Prepare the checkpoint directory

After you convert the checkpoints, the checkpoint directory should have the following structure:

checkpoint_00000000
  metadata/
      metadata
    state/
        mdl_vars.params.lm*/
        ...
        ...
        step/

Create an empty file named commit_success.txt and put a copy of it in the checkpoint_00000000, metadata, and state directories. This lets SAX know that this checkpoint is fully converted and ready to load:

  1. Change to the checkpoint directory:

    cd CONVERTED_WEIGHTS/checkpoint_00000000
    
  2. Create an empty file named commit_success.txt:

    touch commit_success.txt
    
  3. Change to the metadata directory and create an empty file named commit_success.txt:

    cd metadata && touch commit_success.txt
    
  4. Change to the state directory and create an empty file named commit_success.txt:

    cd .. && cd state && touch commit_success.txt
    

The checkpoint directory should now have the following structure:

checkpoint_00000000
    commit_success.txt
metadata/
    commit_success.txt
    metadata
    state/
        commit_success.txt
        mdl_vars.params.lm*/
        ...
        ...
        step/

Create a Cloud Storage bucket

You need to store the converted checkpoints in a Cloud Storage bucket so that they're available when publishing the model.

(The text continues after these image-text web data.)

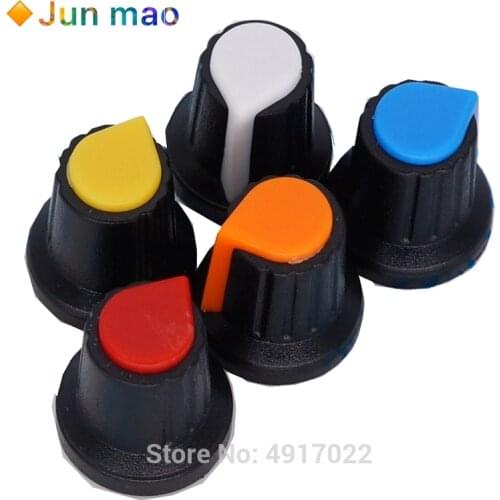 30PCS/lot WH148 potentiometer knob cap ( copper core ) 15X17mm 6mm Shaft Hole AG2 Yellow Orange Blue White Red 5value*6PCS=30PCS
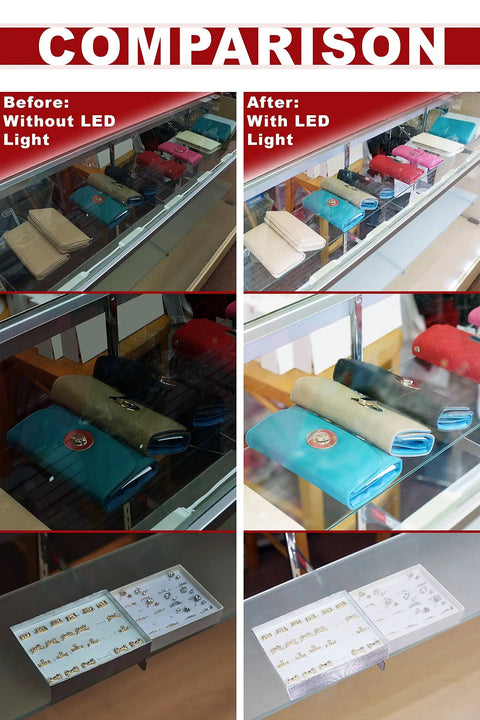 Before and after comparison of display cabinet lighting with 12.5ft LED Kit With Dimmer, showing improved visibility and brightness.
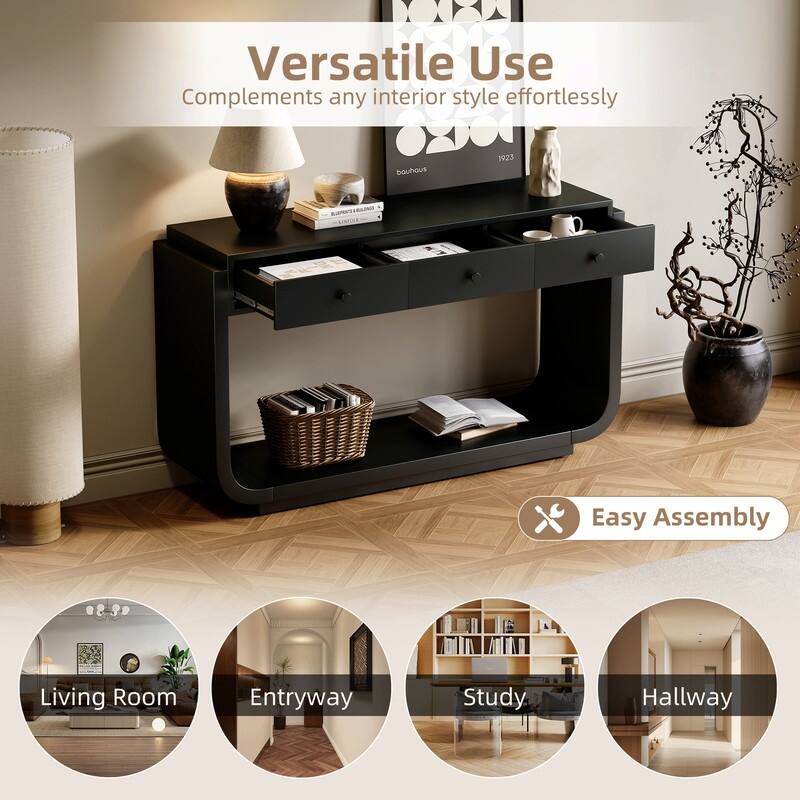 Mid-Century Modern Console Table with 3 Storage Drawers and Display Shelf for Entryway or Living Room Use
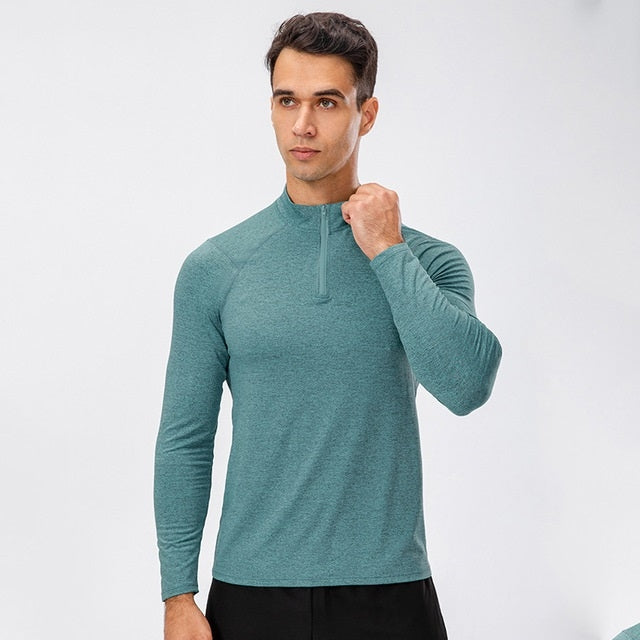 Autumn And Winter Half Zipper Long-sleeved Slim Fit Sportswear For Men Reluova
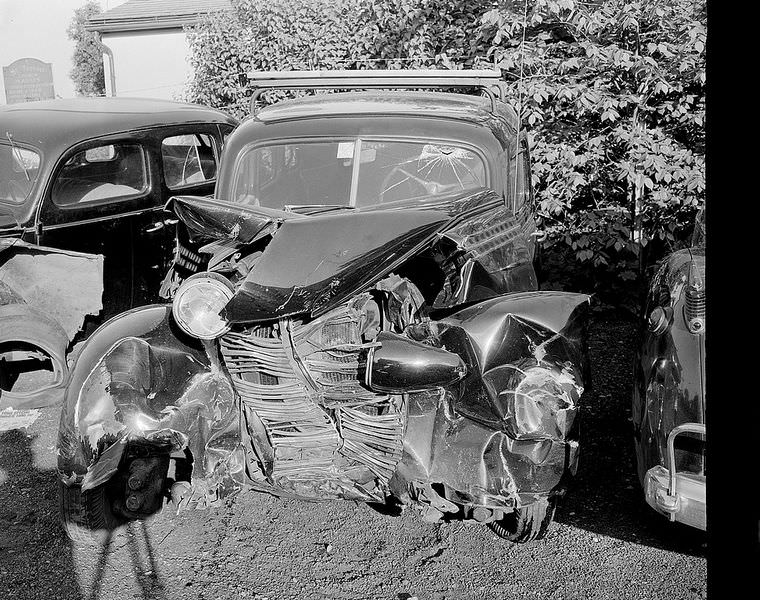 Driving Dangers: Vintage photos of Car Accidents in the 1940s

  1. Set an environment variable for the name of your Cloud Storage bucket:

    export GSBUCKET=BUCKET_NAME
    
  2. Create a bucket:

    gcloud storage buckets create gs://${GSBUCKET}
    
  3. Copy your converted checkpoint files to your bucket:

    gcloud storage cp -r CONVERTED_WEIGHTS/checkpoint_00000000  gs://$GSBUCKET/sax_models/llama2/SAX_LLAMA2_DIR/
    

    Replace SAX_LLAMA2_DIR with the appropriate value:

    • 7B: saxml_llama27b
    • 13B: saxml_llama213b
    • 70B: saxml_llama270b

Create SAX cluster

To create a SAX cluster, you need to:

In a typical deployment, you would run the admin server on a Compute Engine instance, and the model server on a TPU or a GPU. For the purpose of this tutorial, you will deploy the admin server and the model server on the same TPU v5e instance.

Create admin server

Create the admin server Docker container:

  1. On the conversion server, install Docker:

    sudo apt-get update
    sudo apt-get install docker.io
    
  2. Launch the admin server Docker container:

    sudo docker run --name sax-admin-server \
      -it \
      -d \
      --rm \
      --network host \
      --env GSBUCKET=${GSBUCKET} us-docker.pkg.dev/cloud-tpu-images/inference/sax-admin-server:v1.1.0
    

You can run the docker run command without the -d option to view the logs and ensure that the admin server starts correctly.

Create model server

The following sections show how to create a model server.

7b model

Launch the model server Docker container:

sudo docker run --privileged \
  -it \
  -d \
  --rm \
  --network host \
  --name "sax-model-server" \
  --env SAX_ROOT=gs://${GSBUCKET}/sax-root us-docker.pkg.dev/cloud-tpu-images/inference/sax-model-server:v1.1.0 \
  --sax_cell="/sax/test" \
  --port=10001 \
  --platform_chip=tpuv5e \
  --platform_topology='4'

13b model

The configuration for LLaMA13BFP16TPUv5e is missing from lm_cloud.py. The following steps show how to update lm_cloud.py and commit a new Docker image.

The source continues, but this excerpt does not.